If China is to be taken seriously in the world of wine it first has to take itself seriously and that means producing a quality, verifiable and transparent wine that meets all normal international standards. Until then they’ll remain a curiosity at best and that is a waste. We had the privilege of spending several weeks in China touring the depth and breadth of the nascent wine industry and in that time we found a lot of passionate and intelligent wine lovers, producers who REALLY cared about delivering a great product, excellent terroir and tremendous promise. To waste this potential would be a shame.
And so as a media group that loves finding new producing regions and as wine lovers who are passionate about making wine a universal pursuit, we really hope that this scandal helps the government, wine industry and most importantly, Chinese consumers to ask more questions and demand a better product. There’s no doubting that China which is world’s 7th largest wine producer and 7th largest wine consumer is the new wave of wine, but what impact they’ll have on the wider world remains a question. We think the middle kingdom could become a great influence and a very positive contributor to the industry we all love so much.

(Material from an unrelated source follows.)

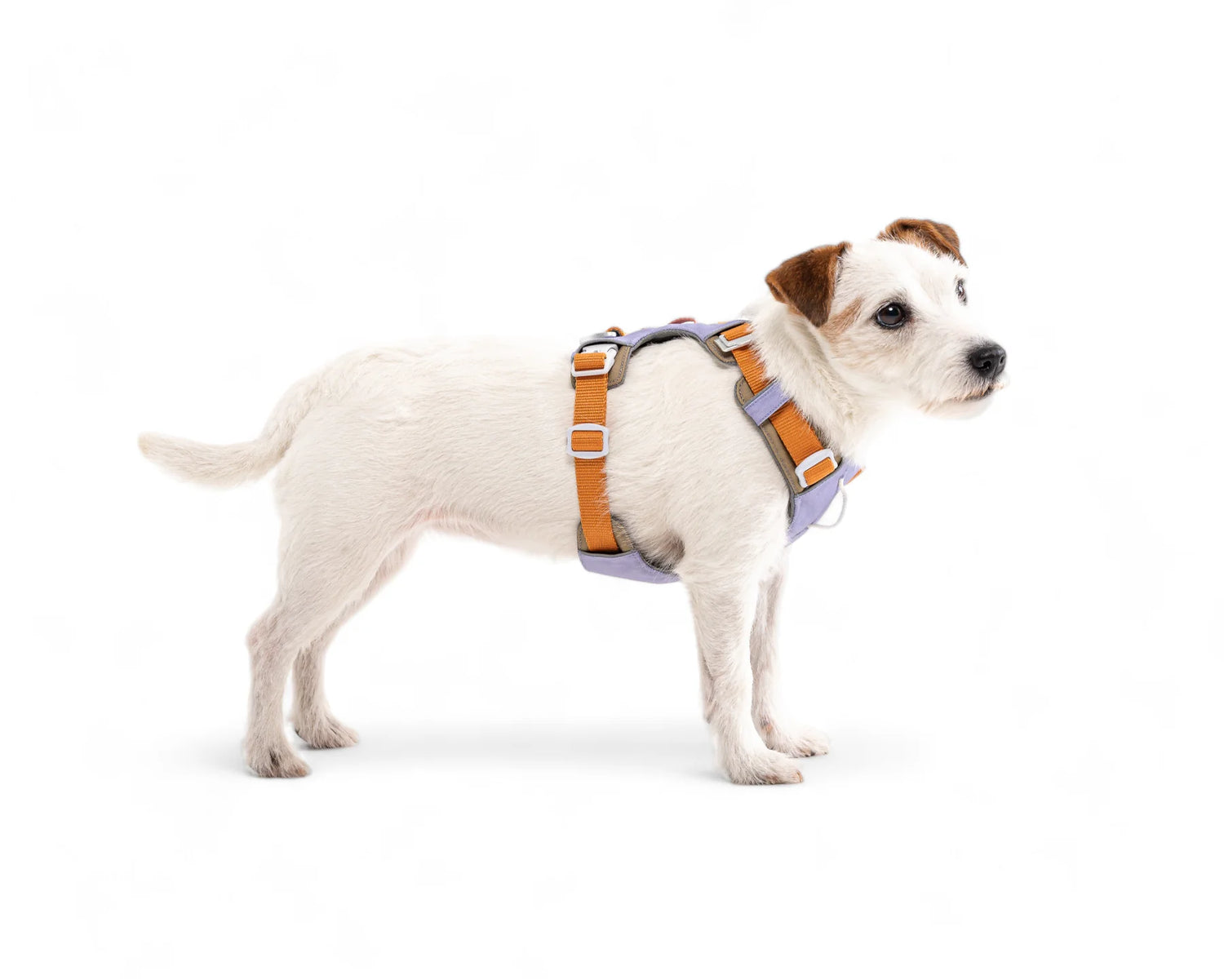Woolly Wolf Alpha 360 Harness Lavender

In a funny sort of way a scandal like this, with the right government, industry and consumer response, is exactly what the Chinese wine scene needs to make sure it becomes a truly world class haven for wine lovers. Every region in the world has had growing pains and so here’s to China’s wine industry getting past hers.
We remain big supporters of wine in China and think 2011 should be a seminal year for wine lovers.

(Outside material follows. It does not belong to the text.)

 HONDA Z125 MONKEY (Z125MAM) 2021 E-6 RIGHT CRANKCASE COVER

As a follow up to our blog yesterday, UK merchants are reporting selling out of Chateau Lafite Rothschild 2008 following the news that the bottles will carry the Chinese symbol for 8 when the wine is bottled next year.
On Tuesday morning UK time, the price of a case of Chateau Lafite Rothschild 2008 was trading at £8,500 on trading platform Liv-ex. By Wednesday lunchtime it had risen to £10,160, a rise of just under 20%.

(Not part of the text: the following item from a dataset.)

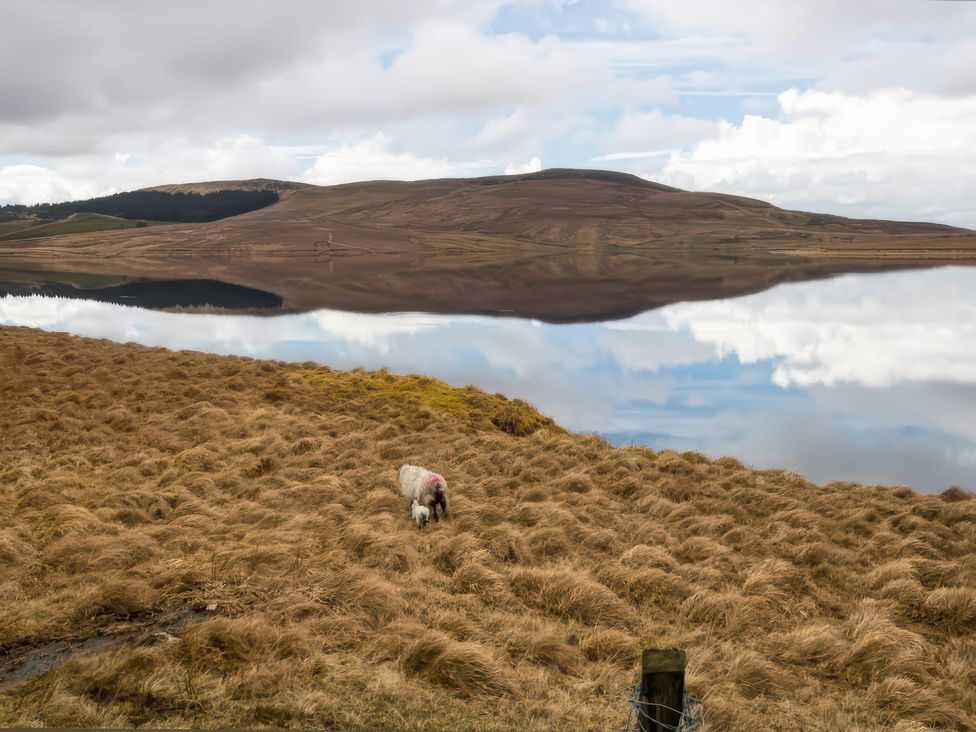 Carrowreagh - County Sligo - 1178091 - thumbnail photo 22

The message is clear, major European producers understand that the Chinese market represents a huge opportunity. But what we find most exciting as we’ve travelled across China and spent weeks in Hong Kong is that the region is emerging as a hub for production as well. As the years go on China will be a collector, consumer and producer, and that legitimizes the market.
Congrats to Rothschild for getting in early.
As Wine Portfolio’s episode on Wine in China proved there is a large and ever growing market for fine wine in the Middle Kingdom. The rapidly expanding economy, Chinese love for luxury brands, and a new appreciation for wine (especially French wine) make the market attractive for foreign investment. And Chateau Lafite Rothchild has responded in a big way demonstrating that they understand the direction of the global luxury market for the next 20 years.
A spokesperson for Lafite owner Domaines Barons de Rothschild said Chateau Lafite Rothschild’s 2008 bottle is to feature the Chinese symbol for the figure eight in celebration of the First Growth’s new vineyard venture in China. The symbol reflects Lafite ‘s partnership with CTIC, China’s largest state-owned investment company. The company has acquired 25 hectares in a joint venture on the peninsula of Penglai in Shandong province, an area we featured in our Chinese episode that is said to be China’s Bordeaux.
The spokesperson explained the reasoning for adding the auspices figure to their bottles was to, “remind all those who will have the pleasure of drinking these wines in a few years of this exciting undertaking.”
As Jody and the team saw when we visited Penglai, China is an emerging consumer of wine and wants to be an emerging producer. Lafite clearly gets this.